The project will deliver:

  • Advances in the valuations of living marine natural capital, and its response to management interventions.
  • A scientific framework for conducting virtual experiments on the integrated social-economic-ecological system.
  • A participatory scheme for engaging stakeholders in virtual experiments on the marine social-economic-ecological system.
  • Models and outputs to support strategic decisions on the sustainable use of the marine environment and understanding of cultural values, and support for Marine Strategy Framework Directive (MSFD) assessments. 


This project came about following discussions with a range of policy orientated stakeholders, which resulted in the emergence of some surprising threads of conversation. For example, the Department for Environment, Food and Rural Affairs (Defra) was interested in the relative values of ‘fish on a plate’ as opposed to ‘fish in the sea’. In other words, what are the benefits to society from leaving fish in the sea to support e.g. wildlife which underpin tourism, leisure and recreation services, as opposed to catching them to eat?
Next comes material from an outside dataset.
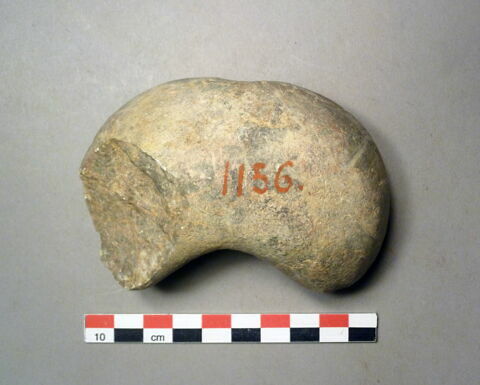 outil ; masse d'armes, image 1/1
This theme was picked up by Marine Scotland who were interested in how marine natural capital might be utilised in efforts to reduce inequality of human health and life-expectancy in Scotland. On the one hand, it was noted that a portion of oily pelagic fish provides 7-times the human health benefit of a portion of white-fish. On the other hand, the health benefits of exercise and engagement in the natural environment are well known, so can we harness the abundance of marine wildlife and the marine environment to assist in the goal of levelling opportunity and reducing health care costs? These are surprisingly high-level, strategic goals, but the clearly articulated link to the marine ecosystem and MERP science is intriguing and interesting.

At a more ‘coal-face’ level, Defra policy staff were keen that MERP science should contribute as much as possible to the evidence base for MSFD indicators, and in the decision making for how the UK should manage its seas to meet targets.

The ‘natural capital’ angle to the call text led us to think in terms of the work that has been done in the National Ecosystem Assessment and Valuing Nature programmes, and how the ecosystem services and valuation thinking in these programmes might be applied in MERP. The next logical step for MERP seemed to be to treat human society as being integrated with, and part of the natural world. This approach has strong scientific foundations in the terrestrial realm but has rarely been attempted in marine science.

The project is now well underway starting with the active engagement of stakeholders through a series of workshops in case study areas.